What You Do Matters

Sarah Blankinship
May 13, 2016 · 3 min read
Madiglass, created by my grandmother Hilda Walton, 1978

This past week in Denver, Colorado, I was honored to attend The Governor’s 35th Annual Holocaust Remembrance Program, featuring a presentation of Righteous Among the Nations Award to Dr. Maria Kiss Madi, Hungarian Rescuer, and my great grandmother.

The theme of the event was, “What You Do Matters”. During World War II, my great grandmother, at undeniable personal peril, saved two lives of her fellow Hungarians. The 7-year old boy that she saved, Alfred Lakos, attended the event with three generations of his lovely family members.

Although I never met Maria, she passed away before I was born, she was my original role model of an independent, successful woman.

Growing up, I heard many stories about Maria, mostly about her later years while living in the United States. In pre-war Europe, she was a highly educated doctor, a divorcee and a single mom. In her time, women didn’t do any of those things. Yet, all stories told how she lived with a strong, quiet, selfless steeliness; hallmarks of her legacy. She was an observer, an artist. Her only daughter, granddaughter, and a great granddaughter, would all learn how to meld glass and heat into beautiful creations.

I remember seeing her scrawly, hand-written diaries as a girl, never truly understanding the impact of her story, before they were donated to the US Holocaust Museum in 2013.

The Nation of Israel honored this unique woman because she kept a record, in writing, in English, about what she witnessed as the Nazis invaded her home city of Budapest. She catalogued the asymmetry, the atrocities, her amazement, so that we could understand and never repeat what she witnessed.

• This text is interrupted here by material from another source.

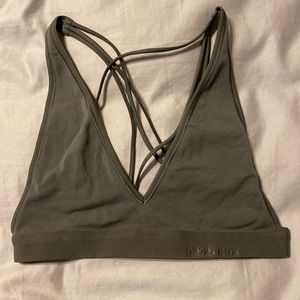 Lululemon Bralette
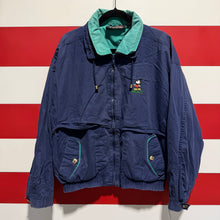 90s Mickey Jacket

In many ways, Maria is a cornerstone of our movement to share our stories, mentor and accelerate more women into leadership.

In an absolutely riveting keynote speech at the event, hosted by The Anti-Defamation League Mountain States Regional Office, Margit Meissner, Holocaust Survivor and Activist (aka my new tiny hero) discussed her survivor story, as well as the many problems facing the world. As an activist, she hopes that the shocking atrocities currently happening, such as the Syrian conflict and resulting refugee crisis, are global issues we will continue to bear witness to and work to eliminate, together.

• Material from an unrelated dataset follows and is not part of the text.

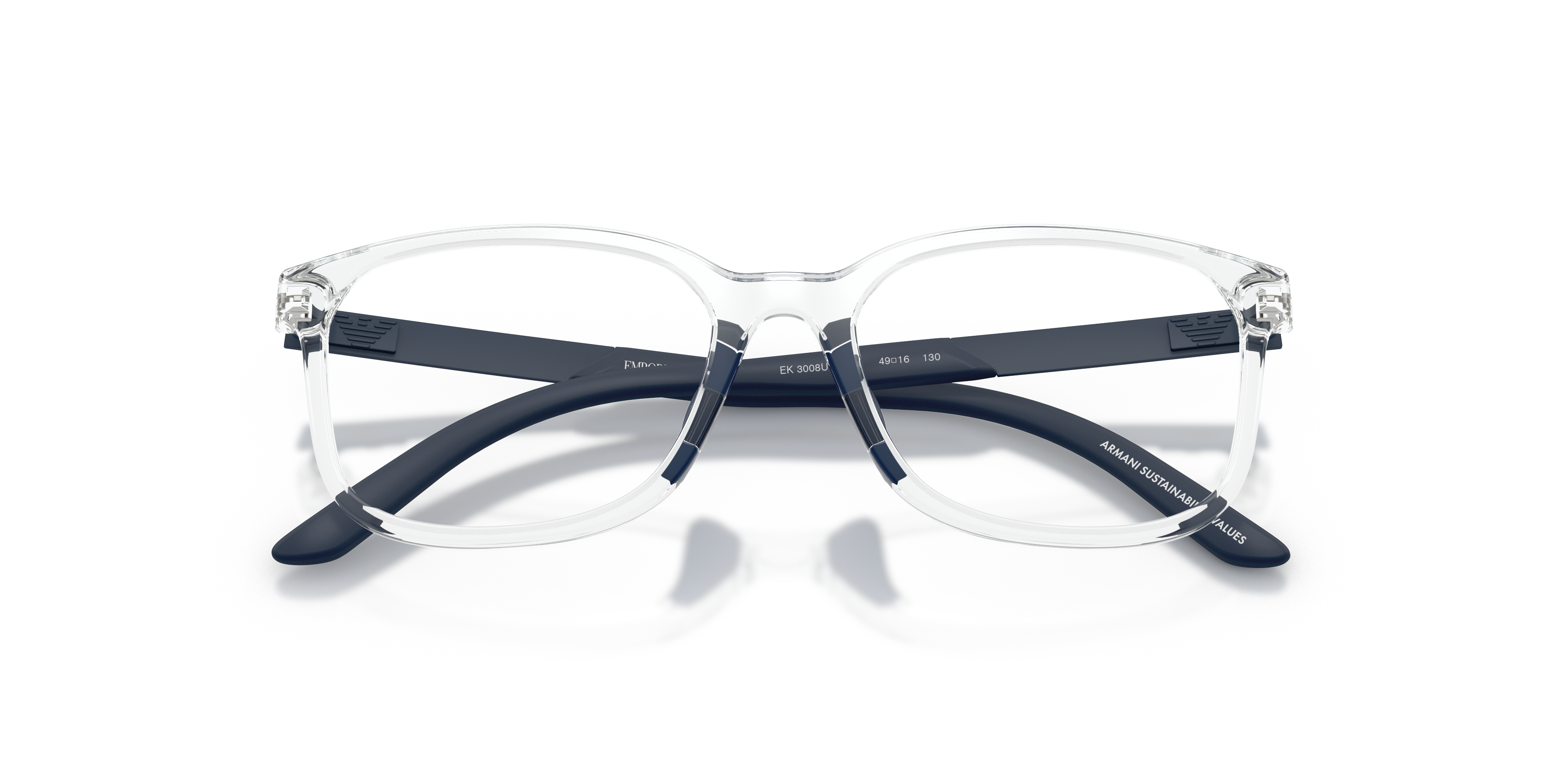 EMPORIO ARMANI EK3008U 5893 47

Of course, gender equality was not on Margit’s nor Maria’s list of world issues to champion. Yet they both exemplify what our CEO WATTAGE Network exists to provide; the will to speak for something that needs to change, and the courage to insist upon the inadequacy of the status quo.

Gender inequality in leadership is an issue of my time, with economic and political implications. US business leadership should reflect or mirror the makeup of our country, which according to US census data, is approximately 50% women and 50% men.

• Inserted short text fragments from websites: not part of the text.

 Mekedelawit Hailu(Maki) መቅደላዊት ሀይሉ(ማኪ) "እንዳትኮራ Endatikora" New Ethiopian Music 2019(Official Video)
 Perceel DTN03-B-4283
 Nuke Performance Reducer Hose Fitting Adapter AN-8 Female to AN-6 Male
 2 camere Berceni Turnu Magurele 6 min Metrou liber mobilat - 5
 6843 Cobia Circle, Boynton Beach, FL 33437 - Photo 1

Our work on the CEO WATTAGE platform, is for the hundreds of millions of women that could and should be equally represented in leadership.

My great grandmother was not seeking to be a hero, but acting because she knew it was the right thing to do. What she did, mattered. In her honor, we act for all of our sisters and brothers in leadership, now and for generations to come.

Tikkun olam!

This post was originally published on Mother’s Day 2016 on CEO WATTAGE, a platform to help achieve gender equality in leadership. Sarah is the Founder and CEO of RightPatch, a Seattle-based biotech company. She is lucky to be from a long line of inspiring women entrepreneurs.